My Life in Film is a British television situation-comedy series written by Mark Chappell and originally aired on BBC Three, and then on BBC Two.

It uses iconography, situations and dialogue from films. Some of the show's humour is derived from the deliberate adaptation of these films to everyday settings, leading to preposterous results.
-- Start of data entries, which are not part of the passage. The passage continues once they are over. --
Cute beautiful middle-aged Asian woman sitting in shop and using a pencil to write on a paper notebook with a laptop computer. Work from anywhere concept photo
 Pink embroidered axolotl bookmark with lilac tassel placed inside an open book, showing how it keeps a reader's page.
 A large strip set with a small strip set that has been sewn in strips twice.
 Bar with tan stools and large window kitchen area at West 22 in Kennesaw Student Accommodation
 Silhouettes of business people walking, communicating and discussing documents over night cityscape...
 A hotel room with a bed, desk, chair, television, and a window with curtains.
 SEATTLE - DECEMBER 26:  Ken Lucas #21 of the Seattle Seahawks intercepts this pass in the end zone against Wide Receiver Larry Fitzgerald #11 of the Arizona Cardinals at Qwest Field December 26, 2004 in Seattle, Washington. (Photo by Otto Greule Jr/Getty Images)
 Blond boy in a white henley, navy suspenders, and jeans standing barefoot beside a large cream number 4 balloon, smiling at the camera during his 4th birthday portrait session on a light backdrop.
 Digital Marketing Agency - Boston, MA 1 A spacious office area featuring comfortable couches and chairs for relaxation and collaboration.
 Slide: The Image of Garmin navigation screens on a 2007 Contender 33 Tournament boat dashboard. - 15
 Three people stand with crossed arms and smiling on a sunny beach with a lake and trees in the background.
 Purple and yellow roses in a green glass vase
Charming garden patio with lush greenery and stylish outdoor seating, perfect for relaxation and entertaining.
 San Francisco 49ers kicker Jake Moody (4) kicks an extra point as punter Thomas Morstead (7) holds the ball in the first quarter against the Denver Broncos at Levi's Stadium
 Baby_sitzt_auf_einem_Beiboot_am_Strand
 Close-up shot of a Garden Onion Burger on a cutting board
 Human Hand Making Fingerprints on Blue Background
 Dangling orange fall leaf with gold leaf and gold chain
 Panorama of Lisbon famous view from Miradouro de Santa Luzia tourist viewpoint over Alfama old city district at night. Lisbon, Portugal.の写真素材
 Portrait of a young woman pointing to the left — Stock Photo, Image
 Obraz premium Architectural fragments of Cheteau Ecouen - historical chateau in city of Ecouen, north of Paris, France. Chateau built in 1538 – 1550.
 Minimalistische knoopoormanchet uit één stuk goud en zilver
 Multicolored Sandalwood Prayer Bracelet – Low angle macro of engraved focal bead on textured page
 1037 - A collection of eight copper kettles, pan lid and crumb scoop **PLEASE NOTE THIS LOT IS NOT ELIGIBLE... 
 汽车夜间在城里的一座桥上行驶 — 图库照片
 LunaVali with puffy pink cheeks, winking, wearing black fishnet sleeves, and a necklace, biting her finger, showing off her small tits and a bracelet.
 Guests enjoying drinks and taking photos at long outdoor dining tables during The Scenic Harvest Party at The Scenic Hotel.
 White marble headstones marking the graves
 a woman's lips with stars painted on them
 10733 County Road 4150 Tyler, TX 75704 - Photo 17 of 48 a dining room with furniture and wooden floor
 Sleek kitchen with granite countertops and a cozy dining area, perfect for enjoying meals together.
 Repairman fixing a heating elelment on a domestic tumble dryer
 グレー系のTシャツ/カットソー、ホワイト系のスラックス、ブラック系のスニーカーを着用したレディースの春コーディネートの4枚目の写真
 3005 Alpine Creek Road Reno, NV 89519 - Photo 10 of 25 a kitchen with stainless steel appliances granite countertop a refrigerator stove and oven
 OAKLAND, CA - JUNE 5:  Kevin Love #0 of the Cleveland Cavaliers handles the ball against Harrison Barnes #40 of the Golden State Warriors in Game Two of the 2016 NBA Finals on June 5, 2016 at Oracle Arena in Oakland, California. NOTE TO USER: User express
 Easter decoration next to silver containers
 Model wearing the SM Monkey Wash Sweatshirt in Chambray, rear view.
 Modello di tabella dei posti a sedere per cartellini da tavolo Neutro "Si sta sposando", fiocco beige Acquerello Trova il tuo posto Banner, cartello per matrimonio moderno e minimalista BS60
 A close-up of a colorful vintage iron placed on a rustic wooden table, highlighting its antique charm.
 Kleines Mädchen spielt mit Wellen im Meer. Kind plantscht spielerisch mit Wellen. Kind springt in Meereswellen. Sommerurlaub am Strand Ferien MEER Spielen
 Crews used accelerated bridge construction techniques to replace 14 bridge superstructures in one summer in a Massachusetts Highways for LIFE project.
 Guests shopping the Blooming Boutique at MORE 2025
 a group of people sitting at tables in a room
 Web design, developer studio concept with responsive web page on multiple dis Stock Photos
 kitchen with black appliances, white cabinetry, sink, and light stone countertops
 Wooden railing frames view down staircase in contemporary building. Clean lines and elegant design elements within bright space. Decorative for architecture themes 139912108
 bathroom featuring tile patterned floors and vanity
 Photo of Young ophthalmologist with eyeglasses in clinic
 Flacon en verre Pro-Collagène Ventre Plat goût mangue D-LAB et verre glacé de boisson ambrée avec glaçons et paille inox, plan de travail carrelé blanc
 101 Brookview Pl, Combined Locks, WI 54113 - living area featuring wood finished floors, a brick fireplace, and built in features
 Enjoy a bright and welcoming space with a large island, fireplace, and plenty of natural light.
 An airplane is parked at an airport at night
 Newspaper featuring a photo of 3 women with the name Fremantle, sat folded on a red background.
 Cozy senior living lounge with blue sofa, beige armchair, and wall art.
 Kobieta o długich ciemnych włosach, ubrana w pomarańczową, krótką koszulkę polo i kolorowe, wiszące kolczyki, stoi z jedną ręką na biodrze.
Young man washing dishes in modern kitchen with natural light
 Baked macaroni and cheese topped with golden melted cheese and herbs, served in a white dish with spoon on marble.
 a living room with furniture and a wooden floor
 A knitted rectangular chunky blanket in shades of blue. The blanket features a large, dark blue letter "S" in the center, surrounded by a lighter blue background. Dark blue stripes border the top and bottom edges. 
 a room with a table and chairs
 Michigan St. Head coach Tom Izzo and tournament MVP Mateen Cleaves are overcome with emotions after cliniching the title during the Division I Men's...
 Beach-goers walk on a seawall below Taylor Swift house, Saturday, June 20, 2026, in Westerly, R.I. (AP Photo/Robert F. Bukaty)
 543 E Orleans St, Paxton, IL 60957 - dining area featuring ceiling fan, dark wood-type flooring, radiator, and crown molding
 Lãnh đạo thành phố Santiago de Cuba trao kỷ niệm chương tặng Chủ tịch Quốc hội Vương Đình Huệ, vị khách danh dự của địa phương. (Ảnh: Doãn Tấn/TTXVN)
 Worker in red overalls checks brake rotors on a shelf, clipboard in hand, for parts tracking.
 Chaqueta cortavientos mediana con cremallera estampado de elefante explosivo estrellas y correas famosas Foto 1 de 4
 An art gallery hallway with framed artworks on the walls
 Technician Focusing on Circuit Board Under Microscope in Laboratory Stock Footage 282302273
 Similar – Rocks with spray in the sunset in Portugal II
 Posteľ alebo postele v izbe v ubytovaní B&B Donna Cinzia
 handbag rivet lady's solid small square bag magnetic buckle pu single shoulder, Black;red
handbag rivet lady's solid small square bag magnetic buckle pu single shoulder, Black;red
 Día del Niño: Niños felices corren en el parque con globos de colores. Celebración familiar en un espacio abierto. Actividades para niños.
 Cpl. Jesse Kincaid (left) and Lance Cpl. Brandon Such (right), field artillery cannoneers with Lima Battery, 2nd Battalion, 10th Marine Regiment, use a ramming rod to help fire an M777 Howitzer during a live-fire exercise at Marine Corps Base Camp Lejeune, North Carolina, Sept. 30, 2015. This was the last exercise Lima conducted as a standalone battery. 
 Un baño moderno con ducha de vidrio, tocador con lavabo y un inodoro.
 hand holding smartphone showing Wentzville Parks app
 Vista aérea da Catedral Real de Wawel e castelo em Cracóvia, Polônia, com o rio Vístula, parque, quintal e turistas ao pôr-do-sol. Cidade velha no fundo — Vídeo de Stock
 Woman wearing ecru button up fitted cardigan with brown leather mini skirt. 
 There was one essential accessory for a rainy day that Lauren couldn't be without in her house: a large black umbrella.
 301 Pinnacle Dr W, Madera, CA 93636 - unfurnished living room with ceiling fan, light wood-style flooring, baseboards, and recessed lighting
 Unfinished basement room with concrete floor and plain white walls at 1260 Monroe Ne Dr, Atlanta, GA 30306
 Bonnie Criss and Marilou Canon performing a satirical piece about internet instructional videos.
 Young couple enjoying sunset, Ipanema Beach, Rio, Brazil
The series ran for one season of six episodes in 2004.

The characters
The series revolves around three characters: Art (played by Kris Marshall), Jones (Andrew Scott), and Beth (Alice Lowe).

Arthur ("Art")
Art is the central character. He is a no-hoper dreaming of being a film director. Art constantly describes himself as "an independent low-budget filmmaker", despite having never made a film. He is continually coming up with ideas for storylines, and has written many scripts of apparently dubious quality.

Jones
Jones is Art's long-suffering best friend. They share a London flat in a small, old apartment complex. Jones is frequently the sufferer of mishaps brought about by Art's inability to deal with the real world, yet appears to need to look after him despite Art's many faults.

Beth
Beth is Jones's girlfriend. She and Art have an antagonistic attitude towards each other, largely because Beth can see how Art's lack of abilities is impinging on Jones's life. In response Art claims to be allergic to Beth. Despite this, as the series progresses there is a slow thawing in the relationship between Beth and Art, and in the final episode she decides to move in with Jones, even though this would mean sharing a flat with Art.

The episodes
None of the episodes are named, but each is based on the plot and style of a particular film. The episodes were re-ordered for their BBC Three broadcast; on the subsequent BBC Two repeat run, the original order was restored.